He noticed Sam had moved a little closer to the elk. Which put him on the edge of the rather steep slope that led from the pavement down to the course itself.
“Hey, buddy,” he called out. “Watch the edge.”
Sam looked down, as if he hadn’t noticed how close he was or how far the drop was. He swayed, and Stefan moved so quickly Sam looked startled. He wobbled just before Stefan got there and grabbed his hand.
“Don’t want to scare them off,” Daria said to Sam as she got to them. “They’re calm now, but if we get too close, that boss elk will show you why he’s the boss.”

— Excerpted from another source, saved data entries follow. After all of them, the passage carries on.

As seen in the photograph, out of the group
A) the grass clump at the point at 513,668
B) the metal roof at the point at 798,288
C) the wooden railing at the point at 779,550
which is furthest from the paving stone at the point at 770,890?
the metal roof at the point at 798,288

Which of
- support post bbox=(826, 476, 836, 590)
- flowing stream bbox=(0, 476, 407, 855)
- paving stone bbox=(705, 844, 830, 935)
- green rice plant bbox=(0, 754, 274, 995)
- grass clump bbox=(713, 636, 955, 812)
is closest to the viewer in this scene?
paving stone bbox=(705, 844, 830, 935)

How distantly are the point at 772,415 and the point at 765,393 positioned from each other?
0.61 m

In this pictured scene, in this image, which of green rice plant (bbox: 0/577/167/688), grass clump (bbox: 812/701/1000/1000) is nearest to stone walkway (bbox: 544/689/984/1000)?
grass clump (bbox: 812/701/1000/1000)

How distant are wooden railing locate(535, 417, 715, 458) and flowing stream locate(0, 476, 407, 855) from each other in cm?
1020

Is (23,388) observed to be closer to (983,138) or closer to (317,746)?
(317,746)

Sam laughed at the way she said it, and the startled look vanished.
And when they walked back toward the pavement, the boy reached up and took Daria’s hand with his.
It was such a simple, natural thing, walking along with his son between them, hanging on to both their hands. But Stefan had that same sense of breathlessness for the third time this morning. And when he finally worked up the courage to look over at Daria, the soft expression on her face and the warm glow in her golden eyes made him feel something he didn’t even have a name for.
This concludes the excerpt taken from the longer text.